Personal information
- Date of birth: 7 March 1910
- Place of birth: Stevenston, Scotland
- Date of death: 6 July 1999 (aged 89)
- Height: 5 ft 10+1⁄2 in (1.79 m)
- Position: Forward

Senior career*
- Years: Team / Apps / (Gls)
- Dalry Thistle
- 1931–1933: Leicester City / 21 / (12)
- 1933–1939: Lincoln City / 184 / (104)
- 1939–194?: Scunthorpe & Lindsey United
- 194?–19??: Lincoln Co-op

= Johnny Campbell (footballer, born 1910) =

Scottish footballer

John Campbell (7 March 1910 – 6 July 1999) was a Scottish professional footballer who scored 116 goals from 205 games in the Football League playing as a forward for Leicester City and Lincoln City.

==Career==
Campbell was born in Stevenston, Ayrshire. He gave up his chemistry studies to join English First Division club Leicester City, together with John Calder, his teammate at junior club Dalry Thistle, in July 1931. He scored on his debut for the club, against Birmingham in December 1932, but despite a respectable goal return – 14 goals from 22 games – he failed to establish himself in the first team. A year later he signed for Lincoln City for a fee of £1,250, then a club record, but was unable to help the club avoid relegation to the Third Division North at the end of the 1933–34 Football League season.

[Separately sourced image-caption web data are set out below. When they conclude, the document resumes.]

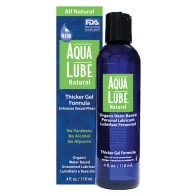 Aqua Lube Natural for Enhanced Pleasure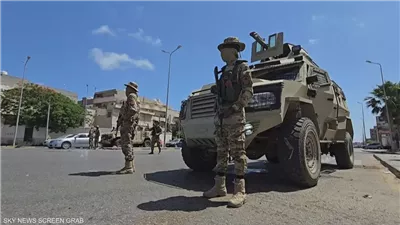  العثور على 58 جثة مجهولة الهوية في مستشفى الحوادث بطرابلس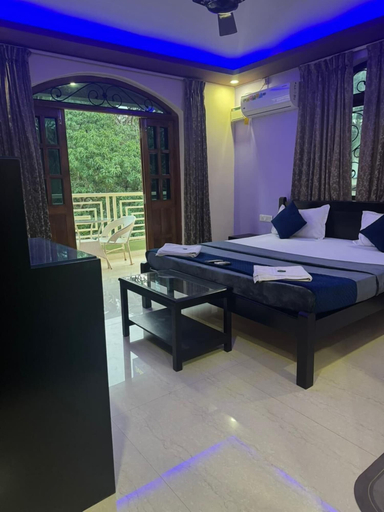 Bedroom 3, Vihaan Inn Guest House, North Goa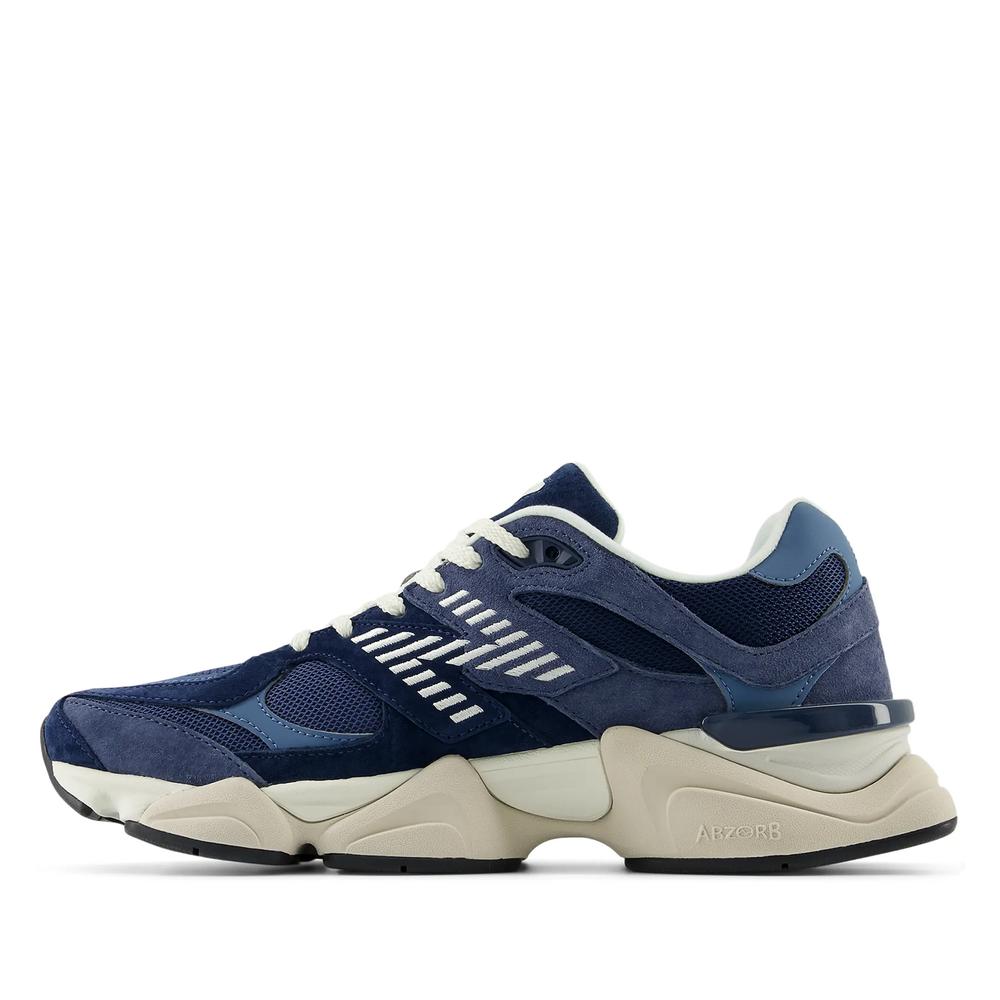 Topánky New Balance U9060EEF - tmavomodré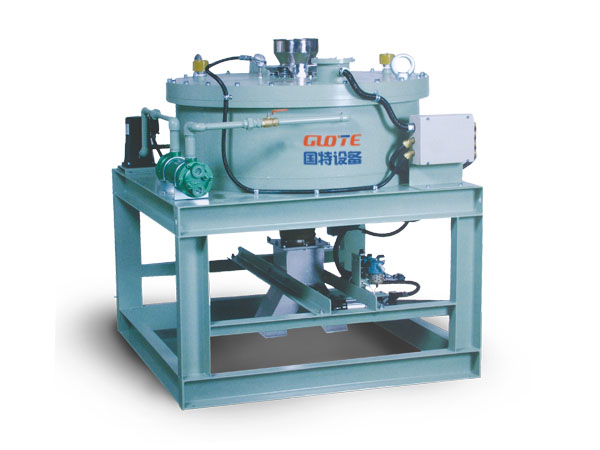 2750 KG Capacity Round Shape Dry Single Drum Magnet Separator with Elevator Grid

Once moved to play at centre forward rather than at outside right, Campbell began to score freely, and was Lincoln's top scorer for four consecutive seasons, from 1934–35 to 1937–38. By the time he retired from League football due to injury in the summer of 1939, Campbell had produced 108 goals from only 193 first-team games. He then joined Midland League club Scunthorpe & Lindsey United, returning to Lincoln to play in the wartime competitions.

Campbell went on to complete his studies, earning a degree in chemistry and ophthalmics, and became superintendent chemist/optician for the Lincoln Co-operative Society. He retired in 1975, and died in July 1999 at the age of 89.